Veera Kannadiga was released on 1 January 2004, where it became a commercial success at the box office whereas the Telugu version bombed at the box office.

== Plot ==
Munna is a slum dweller in Bangalore who learns from a person named Vishwa that his father is Shankar, a labourer who fought against a gangster named Bade Mia for the rights of Kannadigas in Mumbai. Shankar and Bade Mia's enmity rapidly developed due to Shankar and his men accidentally killing his son. During the naming ceremony of Munna, Bade Mia assassinated Shankar and his wife, but Shankar's subordinate Vishwa managed to escape with Munna where he placed Munna on a footpath beside a beggar. Learning about this, Munna wages a war against Bade Mia, where he finally finishes Bade Mia and his empire, thus avenging Shankar's death.

== Production ==
Meher Ramesh who assisted Puri Jagannadh, made his directorial debut with this film. The film was started on 22 August 2003 (alongside its Telugu counterpart, which was directed by Jagannadh himself) and was completed by 25 December 2003.

== Soundtrack ==
The music was composed by Chakri who also composed for the Telugu version Andhrawala. The soundtrack was released by Akash Audio. The track "Naire Naire" was reused from Andhrawala.

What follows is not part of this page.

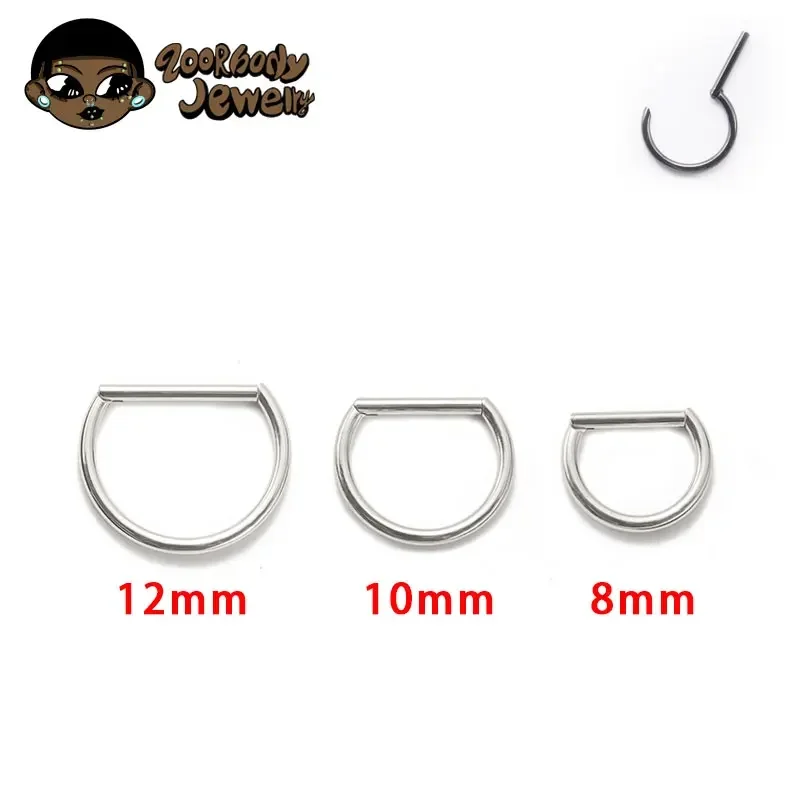 1Pcs G23 Titanium Piercing 16G - Nipple Bar Curved reseña y precio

| No. | Title | Lyrics | Singer(s) | Length |
|---|---|---|---|---|
| 1. | "Addadalli Kingu Naanu" | V. Nagendra Prasad | Shankar Mahadevan, Kousalya | 5:00 |
| 2. | "Jeeva Kannada Deha Kannada" | Hamsalekha | Shankar Mahadevan | 4:36 |
| 3. | "Mastu Hudugiye" | K. Kalyan | Chakri, Kausalya | 5:29 |
| 4. | "Naire Naire Nai Naire" | Bangiranga | Puneeth Rajkumar | 4:44 |
| 5. | "Sai Sai Monaleesa" | V. Nagendra Prasad | Ravivarma, Kausalya | 4:31 |
| 6. | "Sikku Sikku Sundari" | K. Kalyan | Chakri, Kausalya | 4:45 |

== Reception ==
Viggy wrote "Veera Kannadiga looks luxurious but for Kannadigas, is nothing but an Andhra Meal!". Deccan Herald wrote "Puneeth Rajkumar in a double role as father and son puts up a convincing show." He concluding writing, "The film’s main focus is on the gallantry of Kannadigas. Music by Chakri will appeal to the youngsters but there are too many songs. The movie will be an enjoyable fare for the lovers of comedy."

=== Box office ===
Veera Kannadiga completed 100 days at the theatres and became a commercial success at the box office.